According to The Verge, Google faced a potential disaster in 2025 with three major antitrust lawsuits threatening to break up its Chrome browser and ad tech business under a Trump administration DOJ. Judge Amit Mehta ruled against forcing a Chrome sale, instead requiring a one-time sale of a subset of search data to rivals. In October, Google posted its first-ever quarter with over $100 billion in revenue and $31 billion in income. Its AI models, including the video generator Veo 3 and the flagship Gemini 3, became major successes, with Gemini 3’s launch reportedly causing a “code red” at OpenAI. The company also settled with Epic Games over Android app store fees and is negotiating a settlement in its ad tech case, while reportedly making donations to a White House ballroom fund.
The Great Legal Dodge
Here’s the thing: Google basically spent 2025 playing the world’s most expensive game of chicken with the U.S. government, and it won. The worst-case scenario—a forced breakup—is now looking incredibly unlikely. Judge Mehta calling a Chrome spin-off “incredibly messy and highly risky” was a massive win. So was the judge hinting in the ad tech case that behavioral fixes are better than structural ones. It feels like the political and judicial winds that were blowing toward breaking up Big Tech have just… calmed down. At the perfect time for Google.

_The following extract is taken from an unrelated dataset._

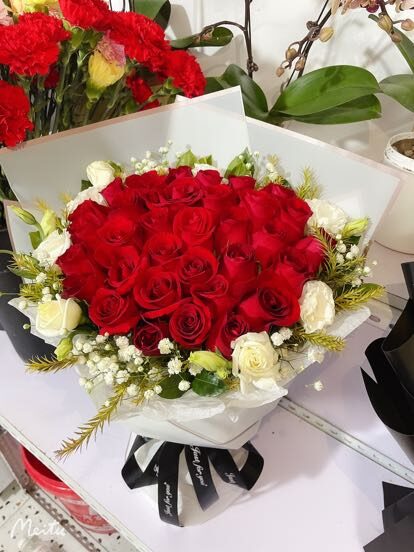 33 Rose Rosse e Garofani: Un Bouquet di Ricordi Indimenticabili real bouquet photo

And let’s talk about that search data remedy. Selling data at marginal cost sounds bad for Google, right? But it’s a one-time sale of a subset, not a firehose. Critics are right to call it toothless. It’s a symbolic slap on the wrist compared to the amputation they were facing. Google’s even appealing the monopoly ruling itself, so they might not have to do even that. The status quo is a powerful force, and Google’s lawyers are masters at preserving it.
AI’s Costly Gamble Pays Off (For Now)
While fighting legal battles, Google was also burning tens of billions on AI. That’s a terrifying bet when you think about it. They’re actively funding the technology that could kill their golden goose: search advertising. But in 2025, that bet started to look smart. Gemini 3 wasn’t just good; it was good enough to panic Sam Altman. Veo 3 owned social media before Sora even got going. That’s momentum.
But where’s the money? Right now, it’s in the cloud. That $15 billion Google Cloud revenue number is the tell. AI is driving businesses to their cloud platform, and that’s a huge, growing income stream. Unlike pure-play AI companies burning cash, Google has its colossal ad engine to fund this war. They can lose money on AI models for years if it means locking enterprises into Google Cloud. It’s a long game, and they have the bank to play it.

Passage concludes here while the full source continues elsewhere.